This library provides a method to calculate parameters’ Hessian trace using the Hutchinson’s method. In this method, you need to get the params and grads and then calculate them using torch.autograd.grad(gradsH, params). The code is as below
def trace(self, maxIter=100, tol=1e-3):
"""
compute the trace of hessian using Hutchinson's method
maxIter: maximum iterations used to compute trace
tol: the relative tolerance
"""
device = self.device
trace_vhv = []
trace = 0.
for i in range(maxIter):
self.model.zero_grad()
v = [
torch.randint_like(p, high=2, device=device)
for p in self.params
]
# generate Rademacher random variables
for v_i in v:
v_i[v_i == 0] = -1
if self.full_dataset:
_, Hv = self.dataloader_hv_product(v)
else:
Hv = hessian_vector_product(self.gradsH, self.params, v)
trace_vhv.append(group_product(Hv, v).cpu().item())

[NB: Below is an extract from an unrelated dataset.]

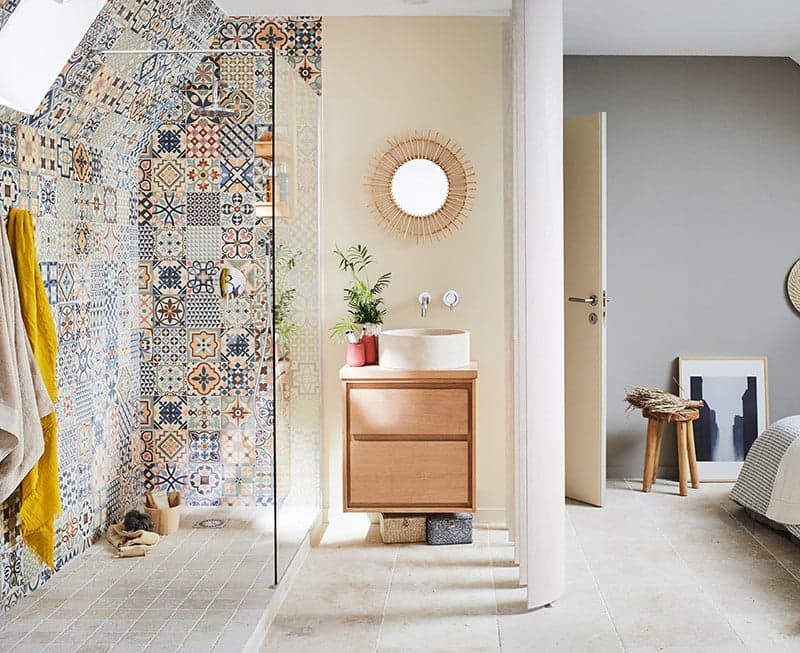 Carreau de ciment multicouleur motifs variés 30x30 cm dans une salle de bain beige avec meuble en bois clair et accents déco naturels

if abs(np.mean(trace_vhv) - trace) / (abs(trace) + 1e-6) < tol:
return trace_vhv
else:
trace = np.mean(trace_vhv)
return trace_vhv
def hessian_vector_product(gradsH, params, v):
"""
compute the hessian vector product of Hv, where
gradsH is the gradient at the current point,
params is the corresponding variables,
v is the vector.
"""
hv = torch.autograd.grad(gradsH,
params,
grad_outputs=v,
only_inputs=True,
retain_graph=True)
return hv
But when calculating the Hessian trace of intermediate inputs, I can obtain intermediate inputs and corresponding grads input_grads by hook, but I cannot use torch.autograd.grad(input_grads, inputs), for input_grads don’t have grad_fn. Is there any way to use torch.autograd.grad for intermediate inputs?